Bourgoin went into this match as huge outsiders to make the quarter-finals, and they were facing a Bath side with 10 changes to the one which lost to Leeds Tykes in the Premiership last weekend.

The goal-kickers Alexandre Peclier and Olly Barkley swapped early penalties in the first quarter as both sides sorted themselves out. Peclier's second penalty goal in the 40th minute gave the home side their narrow lead at the break.

Ashton threw on the England prop Matt Stevens at the start of the second half, with his fellow Test front-rower David Flatman lasting only 40 minutes of his comeback from Achilles problems, only to see Peclier's third penalty put Bourgoin further ahead.

A piece of magic from the scrum-half Walshe, who powered his way over the try-line on the hour mark, took Bath to within a point of the French club and Barkley did the rest to give his side the lead for the first time in the match.

The back-rower Lipman crashed over for his side's second try, and Barkley's superb sideline conversion gave Bath a play-off-sealing eight-point lead.

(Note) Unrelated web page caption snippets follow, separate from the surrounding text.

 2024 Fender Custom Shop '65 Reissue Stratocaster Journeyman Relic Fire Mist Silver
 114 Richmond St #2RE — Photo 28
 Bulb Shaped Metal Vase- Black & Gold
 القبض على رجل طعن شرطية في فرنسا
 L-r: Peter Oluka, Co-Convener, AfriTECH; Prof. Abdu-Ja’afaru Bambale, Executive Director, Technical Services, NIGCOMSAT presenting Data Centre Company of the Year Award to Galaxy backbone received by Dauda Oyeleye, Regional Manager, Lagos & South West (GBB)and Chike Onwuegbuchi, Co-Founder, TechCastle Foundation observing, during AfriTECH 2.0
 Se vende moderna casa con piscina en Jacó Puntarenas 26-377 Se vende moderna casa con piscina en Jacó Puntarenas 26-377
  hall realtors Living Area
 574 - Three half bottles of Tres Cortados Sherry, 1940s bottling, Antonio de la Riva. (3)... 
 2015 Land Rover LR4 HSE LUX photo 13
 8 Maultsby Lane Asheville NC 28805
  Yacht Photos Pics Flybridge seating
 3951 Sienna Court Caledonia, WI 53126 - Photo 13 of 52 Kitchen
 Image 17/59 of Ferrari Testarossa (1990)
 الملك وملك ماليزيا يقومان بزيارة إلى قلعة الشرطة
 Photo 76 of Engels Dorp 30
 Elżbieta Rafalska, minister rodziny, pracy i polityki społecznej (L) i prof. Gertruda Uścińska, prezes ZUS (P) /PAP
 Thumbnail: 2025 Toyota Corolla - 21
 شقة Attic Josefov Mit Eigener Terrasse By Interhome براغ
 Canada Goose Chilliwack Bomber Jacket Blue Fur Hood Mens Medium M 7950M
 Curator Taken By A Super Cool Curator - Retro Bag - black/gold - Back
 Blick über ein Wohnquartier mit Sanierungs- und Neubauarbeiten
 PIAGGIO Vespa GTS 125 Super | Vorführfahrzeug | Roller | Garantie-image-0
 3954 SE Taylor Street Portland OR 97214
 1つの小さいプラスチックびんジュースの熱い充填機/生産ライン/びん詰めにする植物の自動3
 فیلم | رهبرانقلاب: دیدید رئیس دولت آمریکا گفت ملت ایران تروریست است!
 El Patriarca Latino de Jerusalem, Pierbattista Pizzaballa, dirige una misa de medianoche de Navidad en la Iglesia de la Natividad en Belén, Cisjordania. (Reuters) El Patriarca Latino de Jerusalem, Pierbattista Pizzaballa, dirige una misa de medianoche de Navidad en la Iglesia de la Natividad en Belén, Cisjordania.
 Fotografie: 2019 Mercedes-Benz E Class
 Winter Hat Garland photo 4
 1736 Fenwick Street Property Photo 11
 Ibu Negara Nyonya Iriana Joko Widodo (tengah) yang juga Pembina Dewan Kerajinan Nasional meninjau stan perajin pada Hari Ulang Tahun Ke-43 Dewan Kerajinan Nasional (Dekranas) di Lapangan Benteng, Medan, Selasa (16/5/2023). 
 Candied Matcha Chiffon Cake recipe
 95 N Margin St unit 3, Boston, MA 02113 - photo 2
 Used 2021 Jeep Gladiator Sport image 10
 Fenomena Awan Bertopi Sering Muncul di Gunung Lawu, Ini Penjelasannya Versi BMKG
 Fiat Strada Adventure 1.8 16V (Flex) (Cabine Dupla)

The Welsh duo of Gareth Delve and Tom Cheeseman carved out Bath's third try. The replacement backrower Delve - who looks odds-on for a spot in the Wales squad next week - did all the hard work and offloaded to the exciting young centre Cheeseman for the score.

Bourgoin refused to give up, and their resistance prevented Bath securing a try bonus point to cap off a superb night for the throng of visiting fans.

Elsewhere, Ulster's already slim hopes of Heineken Cup qualification evaporated against Biarritz after a 24-8 defeat last night. The French side look likely to secure a home quarter-final after ending Ulster's run of 14 unbeaten games at Ravenhill, which stretched back to 2001.

The hosts had their chance with Biarritz spending periods of the game on the back foot and even had two men sent to the sin bin.

But the French side comfortably recovered after Ulster got the perfect start with Rory Best's drive-over score after five minutes.

Humphreys missed the tricky conversion but Biarritz quickly closed the gap with a Dimitri Yachvili penalty as the visitors piled on the pressure.

With frustration beginning to creep into the French ranks, Ulster looked to be asserting themselves going forward until, just before the half-hour, a lost lineout and poor Humphreys kick allowed Biarritz to counter and Philippe Bidabe to surge past Humphreys and put Sereli Bobo into the left corner.

Munster overpowered Castres 46-9, running in seven tries without reply.